Inwiefern hinsichtlich der Verfassungsmäßigkeit der in § 27a Abs 3 Satz 1 Halbsatz 2 SGB V festgelegten Altersgrenze für Frauen danach noch ein höchstrichterlicher Klärungsbedarf bestehen sollte, zeigt die Klägerin nicht auf. Sie setzt sich mit den vorgenannten Entscheidungen inhaltlich nicht auseinander und begründet auch nicht näher einen erneuten Klärungsbedarf. Sie legt weder dar, dass der Rechtsprechung des BSG in nicht geringfügigem Umfang und mit nicht von vornherein abwegigen Einwendungen widersprochen wurde (vgl zB BSG vom 19.7.2012 - B 1 KR 65/11 B - SozR 4-1500 § 160a Nr 32 - juris RdNr 5; BSG vom 22.12.2010 - B 1 KR 100/10 B - juris RdNr 7). Sie bringt auch keine neuen erheblichen Gesichtspunkte vor, die zu einer über die bisherige Erörterung hinausgehenden Betrachtung der aufgeworfenen Fragestellung führen könnten und die Möglichkeit einer anderweitigen Entscheidung nicht offensichtlich ausschließen (vgl BSG vom 3.9.2020 - B 1 KR 79/19 B - juris RdNr 6 mwN). Die pauschale - und nicht näher belegte - Behauptung, dass sich in der Gesellschaft und auch in der Medizin in den letzten Jahren ein erheblicher Wandel vollzogen habe und dass keine sachlichen Gründe ersichtlich seien, die vorliegend eine Ungleichbehandlung zwischen einer 40-jährigen und einer 35-jährigen oder 38-jährigen Person rechtfertigen könnten, genügt hierfür nicht.

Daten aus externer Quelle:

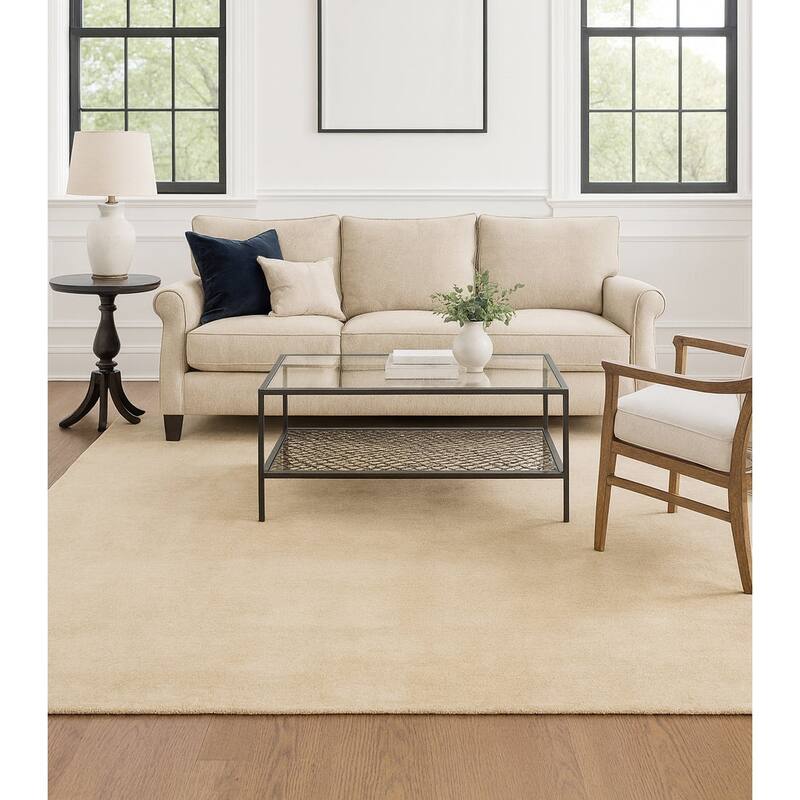 Sand Solid Speckled Wool Handmade Modern Minimal Area Rug - 9' x 12' - Sand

b) Klärungsfähig ist eine Rechtsfrage nur dann, wenn das BSG im angestrebten Revisionsverfahren überhaupt hierüber entscheiden müsste, die Frage also entscheidungserheblich ist (vgl BSG vom 13.1.2017 - B 12 R 23/16 B - juris RdNr 20; vgl zur verfassungsrechtlichen Unbedenklichkeit dieses Maßstabs BVerfG vom 18.12.1991 - 1 BvR 1411/91 - SozR 3-1500 § 160a Nr 7 S 14 = juris RdNr 8). Wie das Vorliegen grundsätzlicher Bedeutung insgesamt, ist dies auf der Tatsachengrundlage der Vorinstanz zu beurteilen. Auch Darlegungen zur Klärungsfähigkeit müssen sich also auf die Tatsachen beziehen, die das LSG in der angegriffenen Entscheidung mit Bindungswirkung für das BSG (§ 163 SGG) festgestellt hat (vgl BSG vom 12.8.2020 - B 1 KR 46/19 B - juris RdNr 10 mwN). Auch hieran fehlt es.

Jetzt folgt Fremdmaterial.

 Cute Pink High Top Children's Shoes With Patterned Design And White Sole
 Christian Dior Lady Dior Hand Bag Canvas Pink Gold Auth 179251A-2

Nach den mit der ständigen Rechtsprechung des BSG im Einklang stehenden Ausführungen der Vorinstanzen scheitert der von der Klägerin geltend gemachte Kostenerstattungsanspruch gemäß § 13 Abs 3 SGB V vorliegend bereits daran, dass die Klägerin vor der privaten Inanspruchnahme der Kinderwunschbehandlung keinen Sachleistungsantrag bei der Beklagten gestellt und damit den sogenannten Beschaffungsweg nicht eingehalten hat (vgl hierzu zB BSG vom 4.4.2006 - B 1 KR 5/05 R - BSGE 96, 161 = SozR 4-2500 § 13 Nr 8, RdNr 23; BSG vom 14.12.2006 - B 1 KR 8/06 R - BSGE 98, 26 = SozR 4-2500 § 13 Nr 12, RdNr 12; BSG vom 30.6.2009 - B 1 KR 5/09 R - SozR 4-2500 § 31 Nr 15 RdNr 15; BSG vom 8.9.2015 - B 1 KR 14/14 R - juris RdNr 9; BSG vom 10.3.2022 - B 1 KR 6/21 R - SozR 4-2500 § 13 Nr 56 RdNr 16).

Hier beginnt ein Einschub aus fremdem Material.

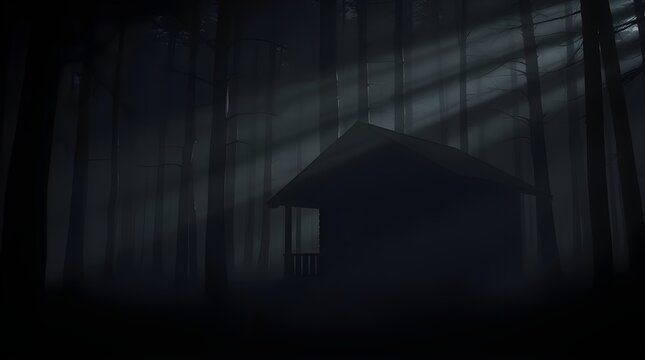 A volumetric lighting digital rendering of a black and white forest cabin scene, intense jet black, pure black, deep shadows, volumetric lighting, visible light beams through fog or dust, detailed woo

Soweit die Klägerin pauschal geltend macht, auch hiergegen bestünden verfassungsrechtliche Bedenken, weil sie "in erheblichem Maße in ihren Rechten ihres Kinderwunsches eingeschränkt bzw. komplett blockiert" werde, und es ihr mit Blick auf die Dauer des Widerspruchs- und Klageverfahrens nicht zumutbar gewesen sei, nochmals ein Antragsverfahren durchzuführen, ist dies schon im Ansatz nicht nachvollziehbar. Das LSG hat dazu ausgeführt, die Klägerin hätte zur Erfüllung der formellen Voraussetzungen des § 13 Abs 3 Satz 1 Fall 2 SGB V nur die Entscheidung der Beklagten zum Behandlungsplan, nicht aber das Widerspruchs- und Klageverfahren abwarten müssen. Hiermit setzt sich die Klägerin nicht auseinander. Sie legt auch nicht dar, dass die Entscheidung für die Kinderwunschbehandlung - ausgehend von den Feststellungen des LSG - unaufschiebbar iS des § 13 Abs 3 Satz 1 Fall 1 SGB V war, dh so dringlich, dass aus medizinischer Sicht keine Möglichkeit eines nennenswerten Aufschubes mehr bestand, um vor der Beschaffung die Entscheidung der Beklagten abzuwarten (vgl BSG vom 10.3.2022 - B 1 KR 6/21 R - SozR 4-2500 § 13 Nr 56 RdNr 31 mwN).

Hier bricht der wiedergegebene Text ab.